Dreamliner diverted to Azores after trans-Atlantic engine problem

A Thomson Airways Boeing 787 made an emergency landing in the Azores last week after the pilot was forced to shut down an engine because of a technical issue. This photo shows a Boeing 787 during a test flight in 2013 following battery fires that grounded the fleet for three months.

A Boeing 787 Dreamliner carrying 288 passengers had to divert to the Azores after one of its engines experienced a problem on a trans-Atlantic flight last week, according to an airline spokeswoman.

The Thomson Airways flight was en route from the Dominican Republic to Manchester, England, when the captain was forced to shut down one of the engines because of a technical problem, airline spokeswoman Sophie Deans said.

The problem occurred about three hours after takeoff and the plane flew at low altitudes for the next four hours, according to the Manchester Evening News.

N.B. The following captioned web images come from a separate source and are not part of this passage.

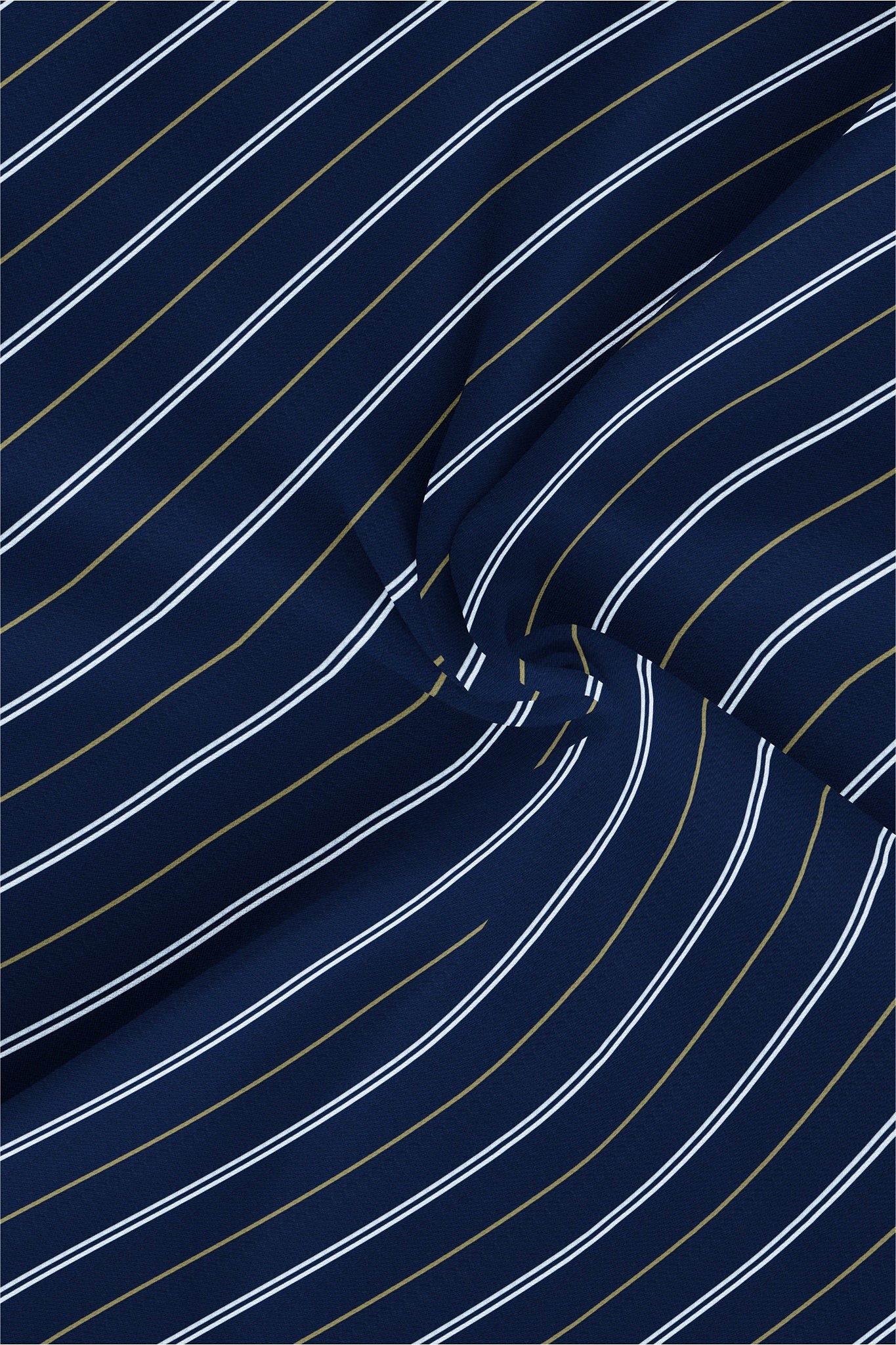 Mazarine blue with Moth Cream and White Stripes Cotton Shirt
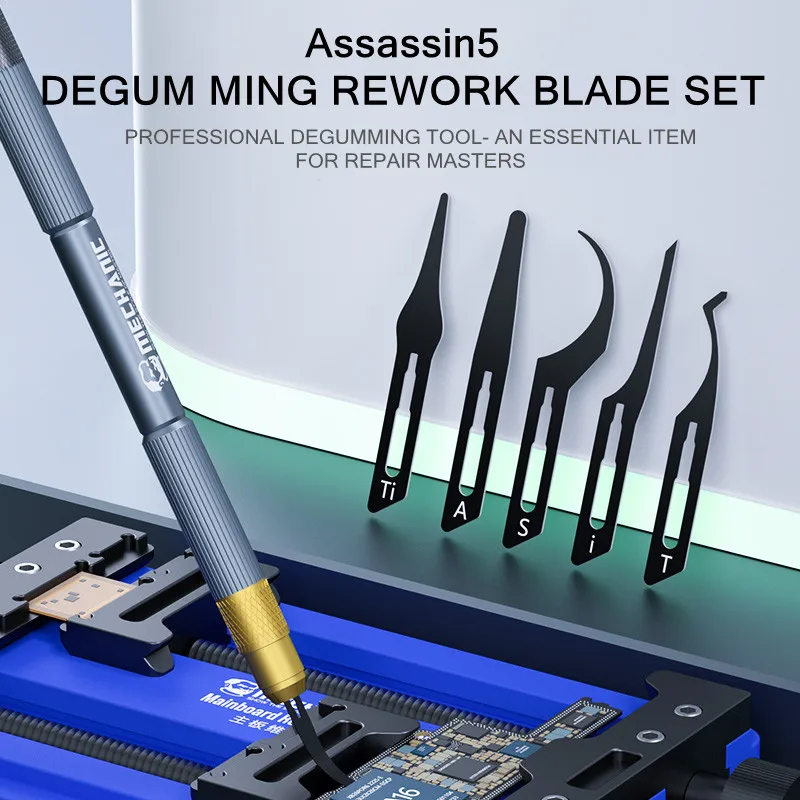 Assassin mécanique 5 5 pièces, jeu de lames de retouche de dégommage professionnel, couteau grattoir pour téléphone carte mère IC CPU réparation outils de coupe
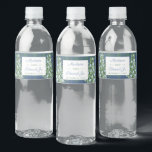 Étiquette Pour Bouteilles D'eau Chinoiserie Chic Christmas Tree Wedding shower<br><div class="desc">Un design étiquette élégant avec un sapin de Noël stylisé avec des ornements de jarre de gingembre, contre un motif de type écossais bleu foncé et vert "écossais tartan", avec les noms du couple et la date du mariage. Pour ajouter ou supprimer des champs de texte, "cliquez pour customiser plus...</div>
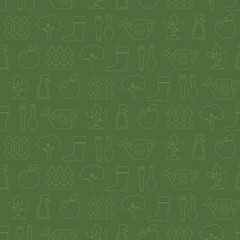 seamless background with icons of Horticulture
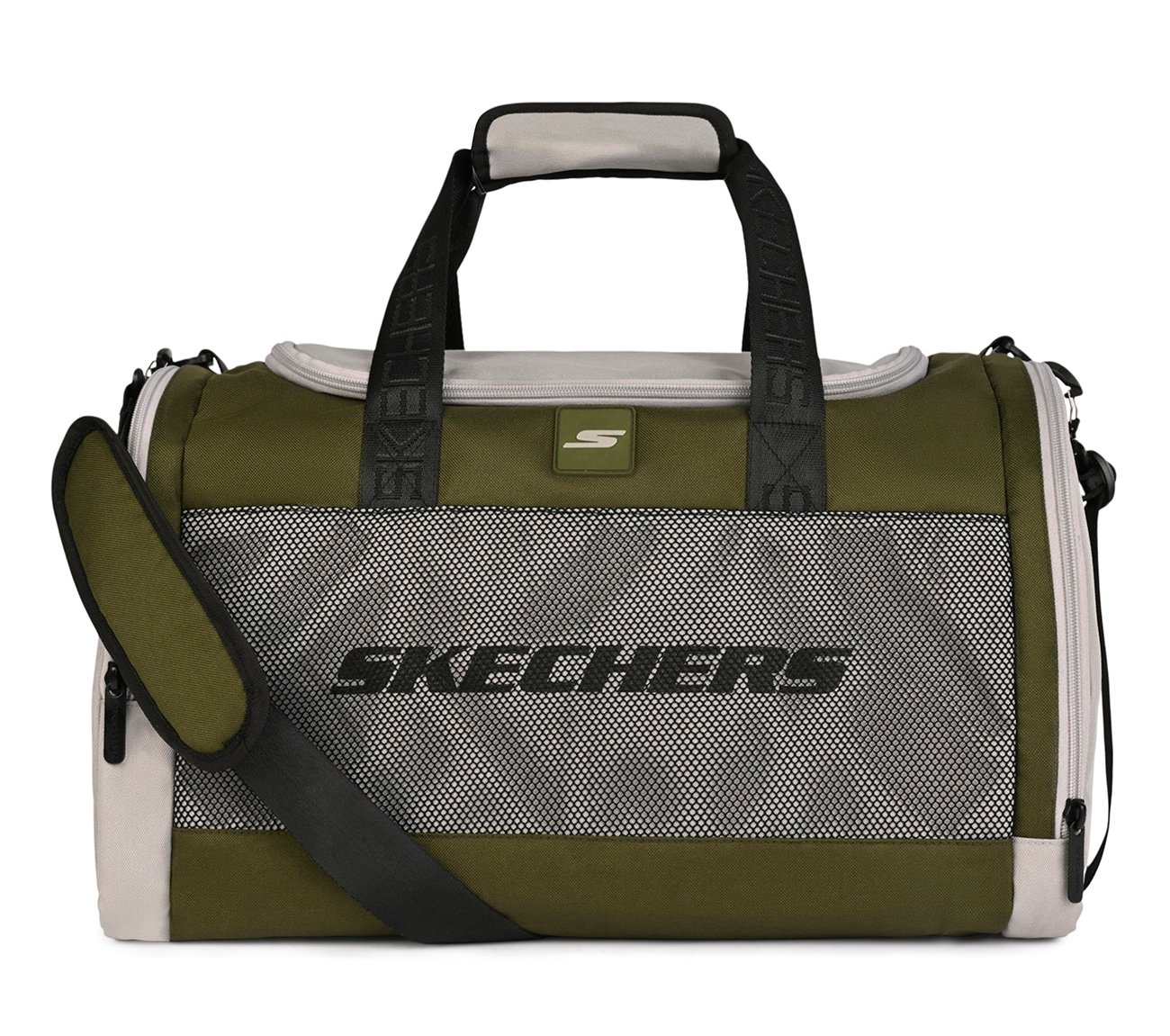 MONOCHROME DUFFLE BAG WITH MESH DETAILED, OLIVE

Passengers were told to expect a bumpy landing because the pilot had to use double thrust on one engine. The plane landed safely at a military base.

After being kept on the plane and delayed several hours, passengers were transported to England on a Boeing 767.

The engine has been repaired, and the Dreamliner was en route to the Mexican resort of Cancun on Monday, the newspaper reported.

The 787 has been beset with problems since it was first launched. In 2013, fires involving lithium-ion batteries on two of the planes forced the fleet to be grounded worldwide for three months. Other problems, including a cracked windshield, a manufacturer's wing cracks and technical issues, have popped up as well.

Boeing declined to comment on the Thomson Airways incident and referred questions to the airline.

"The safety of our customers and crew is of paramount importance, and we would like to apologize for the delay experienced," Deans said.

Boeing makes parts for and assembles the 787 in North Charleston. The plane is also assembled in Everett, Wash., the hub of the Chicago-based company's airplane-making operations.